What you need to do
Reproduce the entries below exactly, but only from the line containing "502 Darby Road photo 32" to the line containing "Blue Boat Hotel Jc Pattaya Exteriör bild", inclusive.

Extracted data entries
********************

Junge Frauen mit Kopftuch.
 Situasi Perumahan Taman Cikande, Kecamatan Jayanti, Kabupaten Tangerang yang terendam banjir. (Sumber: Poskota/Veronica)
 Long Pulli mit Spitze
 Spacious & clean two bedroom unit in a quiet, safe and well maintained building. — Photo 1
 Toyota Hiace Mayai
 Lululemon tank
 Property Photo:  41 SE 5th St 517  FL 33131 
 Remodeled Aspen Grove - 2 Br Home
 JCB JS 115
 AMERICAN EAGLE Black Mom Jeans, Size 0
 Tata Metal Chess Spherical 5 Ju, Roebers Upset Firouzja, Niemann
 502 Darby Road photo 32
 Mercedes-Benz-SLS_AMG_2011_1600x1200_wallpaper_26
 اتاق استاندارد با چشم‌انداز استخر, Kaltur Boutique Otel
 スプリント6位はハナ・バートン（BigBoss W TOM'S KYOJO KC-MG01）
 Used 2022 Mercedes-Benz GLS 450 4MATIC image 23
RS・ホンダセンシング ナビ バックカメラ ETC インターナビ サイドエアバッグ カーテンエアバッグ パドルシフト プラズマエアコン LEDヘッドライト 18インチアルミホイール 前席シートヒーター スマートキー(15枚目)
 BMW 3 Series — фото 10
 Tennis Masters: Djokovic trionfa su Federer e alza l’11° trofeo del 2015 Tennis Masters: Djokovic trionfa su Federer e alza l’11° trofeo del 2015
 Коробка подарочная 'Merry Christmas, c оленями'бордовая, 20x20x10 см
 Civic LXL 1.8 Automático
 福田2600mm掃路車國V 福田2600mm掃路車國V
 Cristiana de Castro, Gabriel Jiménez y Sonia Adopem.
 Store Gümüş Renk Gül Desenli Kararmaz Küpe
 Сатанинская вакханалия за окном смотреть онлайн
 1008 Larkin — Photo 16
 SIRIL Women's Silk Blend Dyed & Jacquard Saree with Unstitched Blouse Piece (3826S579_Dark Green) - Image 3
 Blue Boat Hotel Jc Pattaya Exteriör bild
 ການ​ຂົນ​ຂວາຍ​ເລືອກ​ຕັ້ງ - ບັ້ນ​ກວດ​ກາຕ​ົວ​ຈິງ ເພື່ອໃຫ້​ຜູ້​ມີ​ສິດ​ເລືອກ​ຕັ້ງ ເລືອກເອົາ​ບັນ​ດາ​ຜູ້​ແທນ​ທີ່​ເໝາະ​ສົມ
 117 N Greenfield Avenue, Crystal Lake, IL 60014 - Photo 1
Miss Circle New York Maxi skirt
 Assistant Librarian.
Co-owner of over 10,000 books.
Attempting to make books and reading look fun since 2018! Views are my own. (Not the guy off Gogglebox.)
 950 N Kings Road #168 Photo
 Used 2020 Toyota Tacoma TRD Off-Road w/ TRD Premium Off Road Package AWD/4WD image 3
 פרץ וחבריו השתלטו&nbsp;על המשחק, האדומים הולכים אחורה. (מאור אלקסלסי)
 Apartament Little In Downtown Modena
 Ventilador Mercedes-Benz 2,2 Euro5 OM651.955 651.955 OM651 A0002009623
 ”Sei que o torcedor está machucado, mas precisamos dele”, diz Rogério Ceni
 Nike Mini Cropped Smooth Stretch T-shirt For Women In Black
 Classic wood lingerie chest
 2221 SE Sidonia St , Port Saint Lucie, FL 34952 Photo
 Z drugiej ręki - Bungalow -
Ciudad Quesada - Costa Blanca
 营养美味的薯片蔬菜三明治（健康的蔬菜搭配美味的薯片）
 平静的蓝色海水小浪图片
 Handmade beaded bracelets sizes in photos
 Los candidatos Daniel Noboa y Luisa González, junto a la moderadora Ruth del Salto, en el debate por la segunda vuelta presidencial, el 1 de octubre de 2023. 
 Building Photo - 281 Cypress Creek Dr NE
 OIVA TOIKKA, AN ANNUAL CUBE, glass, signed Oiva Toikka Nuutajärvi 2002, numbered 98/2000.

********************

Response to this task
 502 Darby Road photo 32
 Mercedes-Benz-SLS_AMG_2011_1600x1200_wallpaper_26
 اتاق استاندارد با چشم‌انداز استخر, Kaltur Boutique Otel
 スプリント6位はハナ・バートン（BigBoss W TOM'S KYOJO KC-MG01）
 Used 2022 Mercedes-Benz GLS 450 4MATIC image 23
RS・ホンダセンシング ナビ バックカメラ ETC インターナビ サイドエアバッグ カーテンエアバッグ パドルシフト プラズマエアコン LEDヘッドライト 18インチアルミホイール 前席シートヒーター スマートキー(15枚目)
 BMW 3 Series — фото 10
 Tennis Masters: Djokovic trionfa su Federer e alza l’11° trofeo del 2015 Tennis Masters: Djokovic trionfa su Federer e alza l’11° trofeo del 2015
 Коробка подарочная 'Merry Christmas, c оленями'бордовая, 20x20x10 см
 Civic LXL 1.8 Automático
 福田2600mm掃路車國V 福田2600mm掃路車國V
 Cristiana de Castro, Gabriel Jiménez y Sonia Adopem.
 Store Gümüş Renk Gül Desenli Kararmaz Küpe
 Сатанинская вакханалия за окном смотреть онлайн
 1008 Larkin — Photo 16
 SIRIL Women's Silk Blend Dyed & Jacquard Saree with Unstitched Blouse Piece (3826S579_Dark Green) - Image 3
 Blue Boat Hotel Jc Pattaya Exteriör bild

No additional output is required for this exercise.